DATA SEGMENT:
%%

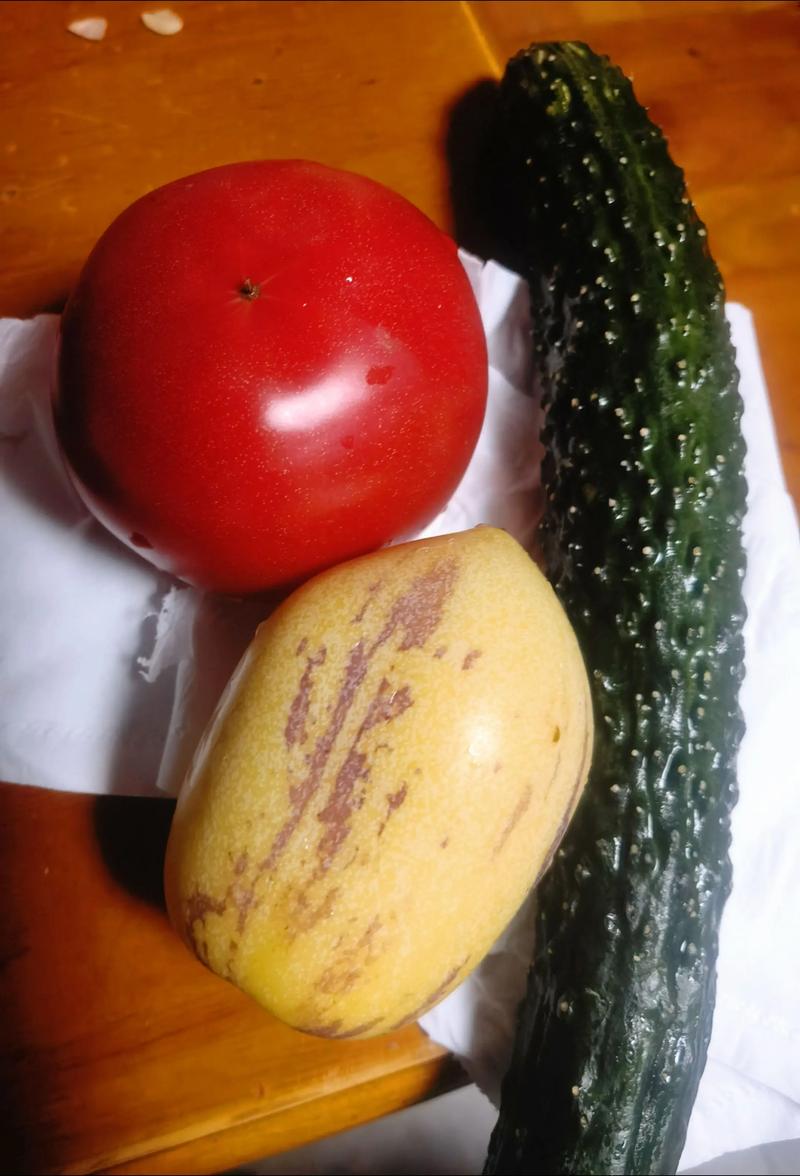 晚上睡前吃什么水果减肥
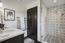 1158 Chaparral Road (Image 32)
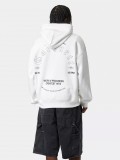 Carhartt WIP Greatest Hits Hoodie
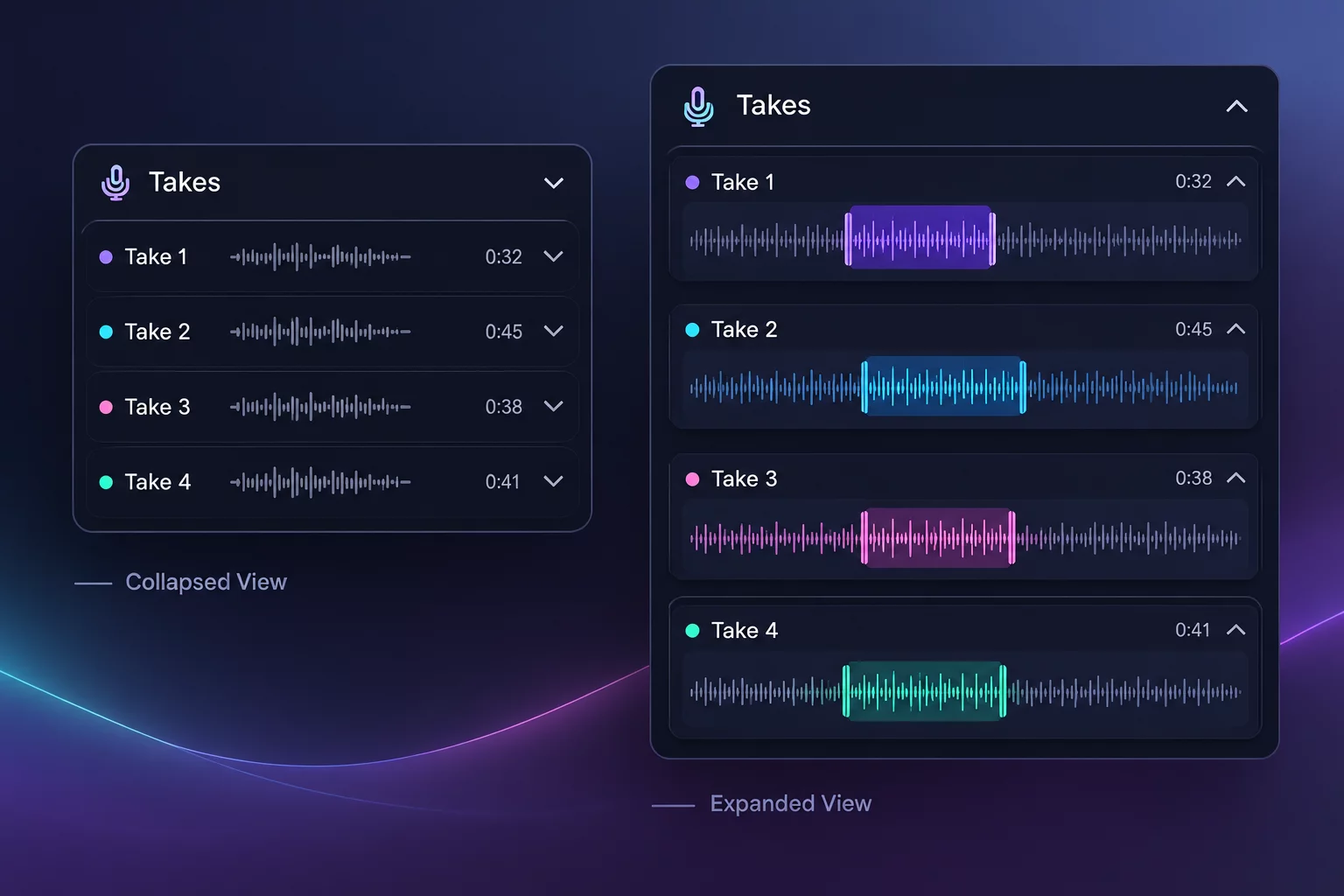Apple Launches Logic Pro 12.2 Update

%%

PROBLEM TO SOLVE: Recopy the full listing exactly, passing over any picture.

RESULT OF THIS EXERCISE:
 晚上睡前吃什么水果减肥
 1158 Chaparral Road (Image 32)
 Carhartt WIP Greatest Hits Hoodie
Apple Launches Logic Pro 12.2 Update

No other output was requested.